Yet another vectorized engine

From: Hubert Zhang <hzhang(at)pivotal(dot)io>
To: pgsql-hackers(at)lists(dot)postgresql(dot)org
Cc: Gang Xiong <gxiong(at)pivotal(dot)io>, Asim R P <apraveen(at)pivotal(dot)io>, Ning Yu <nyu(at)pivotal(dot)io>
Subject: Yet another vectorized engine
Date: 2019-11-28 09:23:59
Message-ID: CAB0yrem3PYu2qQD4=JOg8y_5QAK+Q+K5yEptxs0t71j5cRyoOQ@mail.gmail.com
Views: Raw Message | Whole Thread | Download mbox | Resend email
Thread:
Lists: pgsql-hackers

Hi hackers,

We just want to introduce another POC for vectorized execution engine
https://github.com/zhangh43/vectorize_engine and want to get some feedback
on the idea.

The basic idea is to extend the TupleTableSlot and introduce
VectorTupleTableSlot, which is an array of datums organized by projected
columns. The array of datum per column is continuous in memory. This makes
the expression evaluation cache friendly and SIMD could be utilized. We
have refactored the SeqScanNode and AggNode to support VectorTupleTableSlot
currently.

Below are features in our design.
1. Pure extension. We don't hack any code into postgres kernel.
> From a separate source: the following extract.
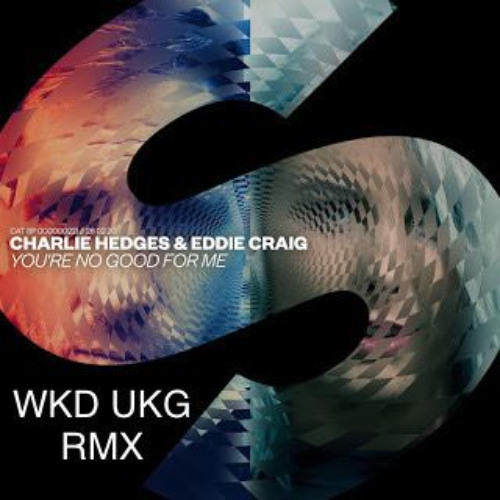 CHARLIE HEDGES & EDDIE CRAIG - YOU'RE NO GOOD FOR ME (WKD UKG RMX)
2. CustomScan node. We use CustomScan framework to replace original
executor node such as SeqScan, Agg etc. Based on CustomScan, we could
extend the CustomScanState, BeginCustomScan(), ExecCustomScan(),
EndCustomScan() interface to implement vectorize executor logic.
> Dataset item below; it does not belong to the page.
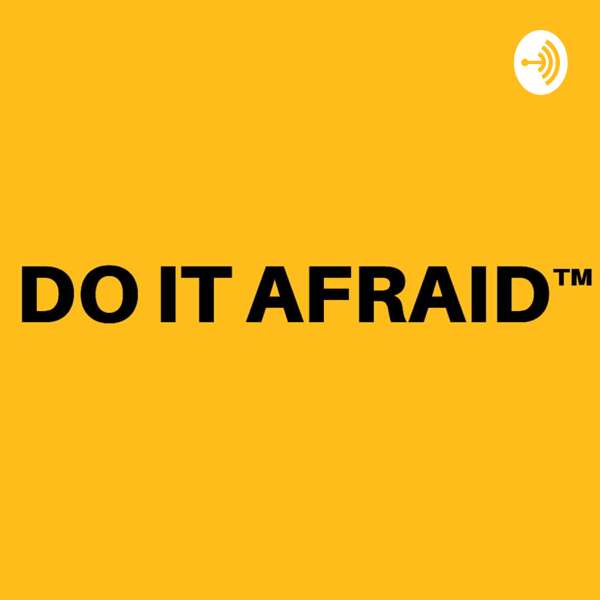 Do It Afraid Podcast™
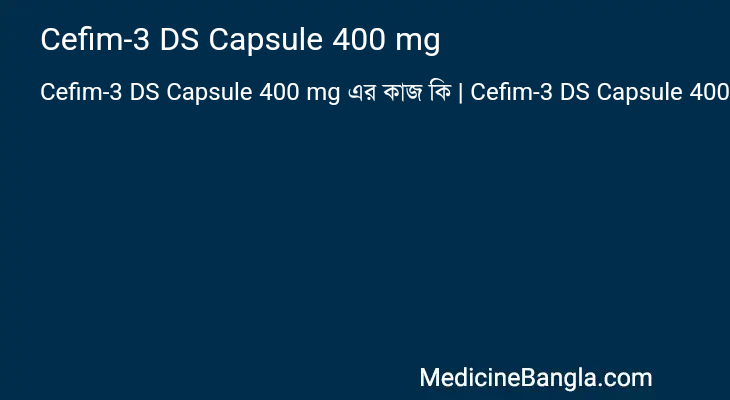 Cefim-3 DS Capsule 400 mg in Bangla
3. Post planner hook. After plan is generated, we use plan_tree_walker to
traverse the plan tree and check whether it could be vectorized. If yes,
the non-vectorized nodes (SeqScan, Agg etc.) are replaced with vectorized
nodes (in form of CustomScan node) and use vectorized executor. If no, we
will revert to the original plan and use non-vectorized executor. In future
this part could be enhanced, for example, instead of revert to original
plan when some nodes cannot be vectorized, we could add Batch/UnBatch node
to generate a plan with both vectorized as well as non-vectorized node.

4. Support implement new vectorized executor node gradually. We currently
only vectorized SeqScan and Agg but other queries which including Join
could also be run when vectorize extension is enabled.

5. Inherit original executor code. Instead of rewriting the whole executor,
we choose a more smooth method to modify current Postgres executor node and
make it vectorized. We copy the current executor node's c file into our
extension, and add vectorize logic based on it. When Postgres enhance its
executor, we could relatively easily merge them back. We want to know
whether this is a good way to write vectorized executor extension?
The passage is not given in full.